LA MONTAÑA RUSA.
Hace muchos años, en Miami, fui a ver la montaña rusa. Me sorprendió que estaba realizada en madera, teniendo unas dimensiones monstruosas. Por aquel tiempo, era de las más grandes del mundo. Compré una hamburguesa y una Coca-Cola de esas en vaso gigante y con tanto hielo que temía se me congelaran las tripas. Eran las doce de la mañana, y me senté a tomar el refrigerio mientras observaba detenidamente la montaña. Mientras miraba como los vagones realizaban el recorrido, se me ocurrió realizar una analogía con mi vida, y quizá con la de la mayoría de las personas.
Comenzaba por un accenso lento y entretenido, en que los viajeros se dedicaban a mirar el paisaje, lo cual hacemos cualquiera de nosotros en esos momentos ralentizados de nuestras vidas. Se detenía en la primera cúspide, momento en que los participantes observaban la extraordinaria vista, y esto era generalizado, más o menos lo que hacemos en nuestra vida cotidiana cuando no tenemos nada que nos apremie accenso o apresure. Al comenzar la bajada rápida, la mayoría se agarraba a la barra de seguridad (nosotros nos apretamos el cinturón), otros iban de sobrados levantando las manos (como hacemos con desenfado en ocasiones), y los menos, aunque agarrados a la barra, observaban el entorno (cosa que muchos olvidamos en los momentos de apuro), siguió rodando la vagoneta, y al llegar al primer valle lo pasó rápidamente, la inercia la empujaba para subir la siguiente cuesta y facilitar a los motores de tracción su trabajo con un menor esfuerzo (muchos hacemos lo mismo en nuestras vidas aprovechando el impulso, y nos olvidamos de lo que nos rodea. Otros se detienen en el valle y precisan un mayor esfuerzo para remontar la cuesta, por lo cual deben dedicar toda su atención a impulsar desde cero la subida. Existían otros, que habían comprendido que el vagón les subiría y observaban con atención todo en su rededor). Esto se repitió en las diversas ocasiones de subidas y bajadas, con quiebros a un lado u a otro. Y curiosamente también en los lazos en que los vehículos y sus pasajeros se encuentran cabeza abajo.

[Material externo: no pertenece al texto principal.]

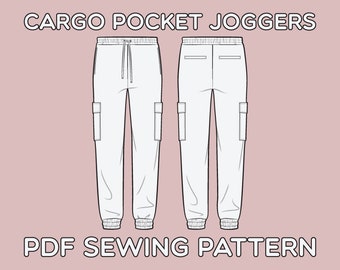 Cargo Pocket Joggers PDF Sewing Pattern Sizes XS / S / M / L / XL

Opté por montarme, no sin cierta “congoja” ya que tenía las mencionadas en la garganta, pues nunca me había montado en una montaña de esas dimensiones. Reflexioné, y llegué a la conclusión que la vagoneta, igual que la vida me llevaría sin que yo intentara forzarla. Había tomado la decisión de viajar (vivir la aventura) y confiado en los cálculos de las instalaciones y la experiencia de largos años de uso. Así que me propuse observarlo todo, disfrutar lo bueno y lo malo en sus contextos, seguir el camino destinando solo los esfuerzos que fueran necesarios. Lo hice y disfruté, a veces con solaz, otras con tensiones, otras con sonrisas o lágrimas y así he recorrido una montaña rusa larga, muy larga, de más de 70 años.